The group asserts that "the courts should be trusted to protect competition against the improper expansion of a patentee's lawful monopoly as a result of a settlement by applying existing antitrust case law to the specific facts relating to a challenged settlement."
It is unlikely that the Senate's removal of the pay-for-delay provision from H.R. 4899 marks the end of this debate -- particularly in view of the President's past support for such legislation (see "President's Health Care Plan Includes Pay-for-Delay Ban and Biosimilar Regulatory Pathway") and prior attempts to secure passage of standalone bills (see "Bill to Prohibit Reverse Payments Introduced in the Senate" and "Senate and House Introduce Bills Prohibiting Authorized Generics"). While the industry now awaits the next legislative attack on pay-for-delay agreements, recent statements by the GPhA, PhRMA, and IPO indicate that it will not wait silently.

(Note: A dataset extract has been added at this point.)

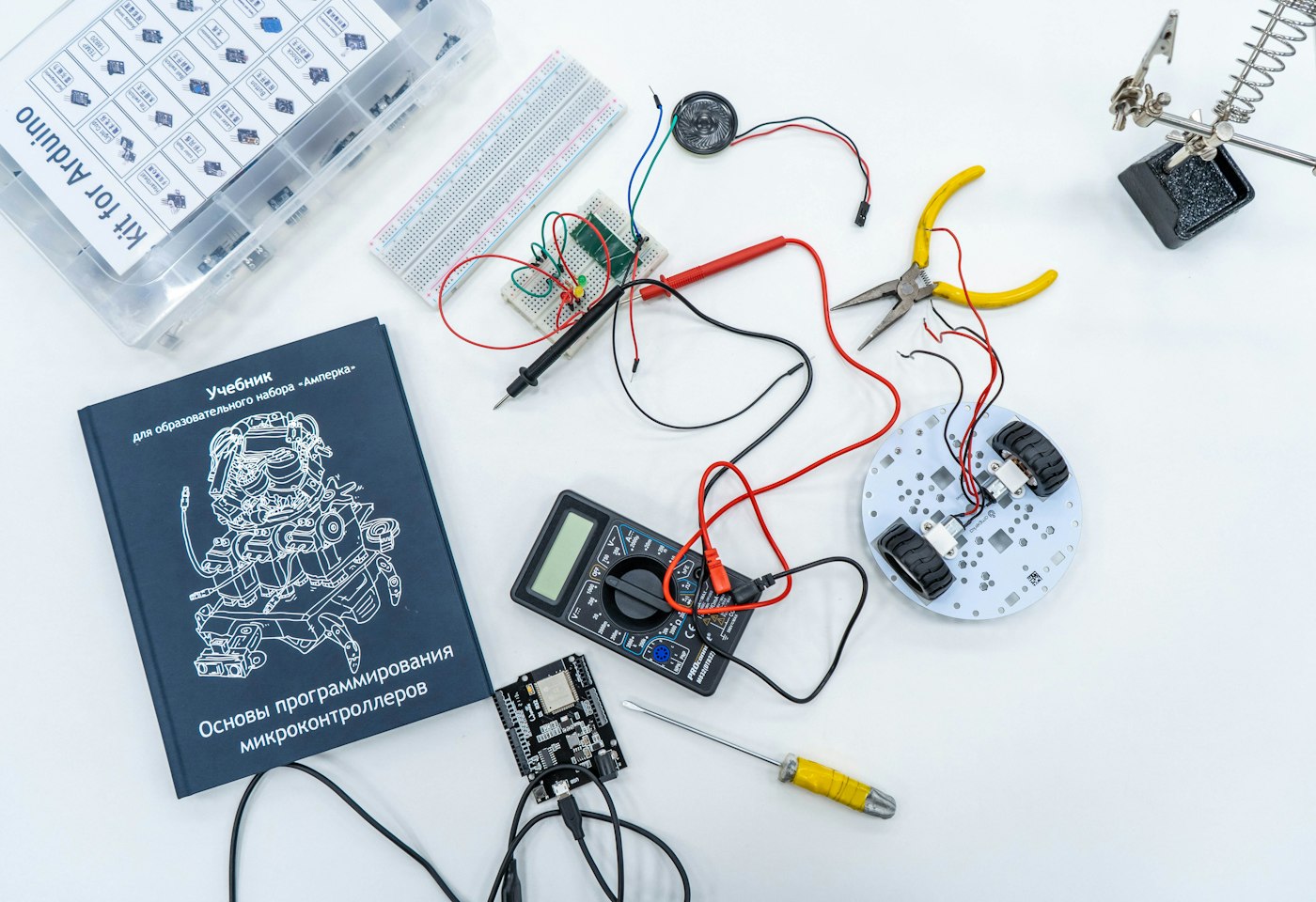 electronics workspace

This is great news. I'm not a fan of reverse payment settlements, but banning them is not the answer.
Posted by: Matthew Avery | July 30, 2010 at 12:08 AM
Even with this setback, it looks rather doubtful that pay-for-delay, in its current form, can continue much longer. In addition to the fact that the FTC has long had it in for reverse payment agreements, now there's the potential for a Tamoxifen rehearing. Sooner or later things will change.